Structural reform may be necessary, but its advocates would do well to focus more on building stable, enduring coalition that can manage both the passage and the implementation of reforms than on devising clever slogans to rally support for their ideas while antagonizing other political actors. As Koizumi found, unrelenting war against the "opposition forces" was easier said than done: even he had to compromise with rivals within the LDP, and, more significantly, the finance ministry.
The result is that the LDP may be more amorphous than ever, saddled with Koizumi's legacy, torn between partisans of the Koizumi way and conservatives who want the minimal amount of change necessary to stay in power, and powerless to resolve these internal conflicts and consequently to make progress tackling the problems facing Japan.
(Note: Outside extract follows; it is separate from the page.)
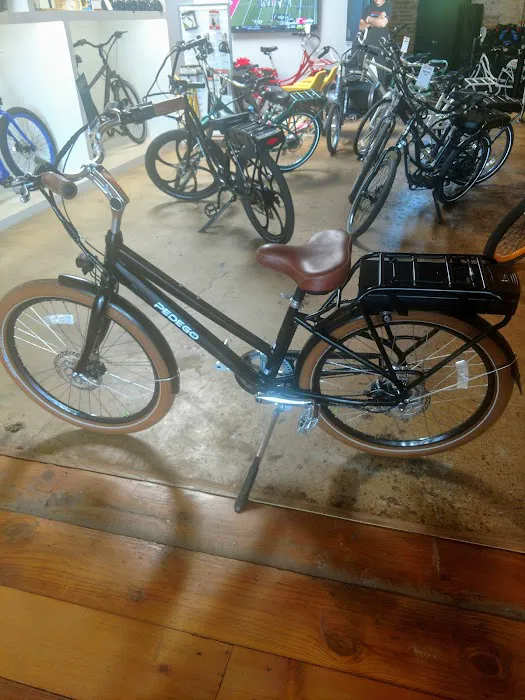 PEDEGO Dallas Electric Bikes - PEDEGO, VELOTRIC, URTOPIA & more Picture 7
Ichita Yamamoto, one of the LDP's most outspoken reformists, has voiced his support for Asō, but it is half-hearted support, in that he supports Asō's leading the LDP into the general election because he thinks it would hurt the LDP to change leaders yet again. And it is telling that when he lists the government's accomplishments, he does not even attempt to spin Asō as a reformist, citing instead the economic stimulus packages and his foreign policy initiatives.
In other words, it is remarkable how little the LDP has to offer voters this year. Despite having the ultimate trump card in the form of the lower house supermajority, which ensured that it could overrule the DPJ-controlled upper house at will, the LDP and Komeitō have done remarkably little with their authority over the past three years. Work is proceeding on the party's manifesto, which promises to focus on the "livelihood of the people." ( Sounds familiar, doesn't it?) But by following the DPJ in promising to listen to the economic insecurities of the public, doesn't the LDP raise the question of what it has been doing to ease economic insecurity since the 2005 election and before? And by questioning the DPJ's ability to govern, won't the LDP invite questions about its own ability to govern? The narrative of this year's election campaign appears to favor the DPJ, as the public may once again be asking what the LDP has done with its mandate, instead of asking whether the DPJ will be able to deliver on its promises if given a mandate.
In short, LDP rule appears set to end in cacaphonous turmoil, as the party's warring schools squabble over whether the party is for "reform," "public well-being," or, like the DPJ, some combination of the two. And it seems that delaying the general election will only ensure that the combatants have more time to battle for the soul of the party, ensuring electoral defeat.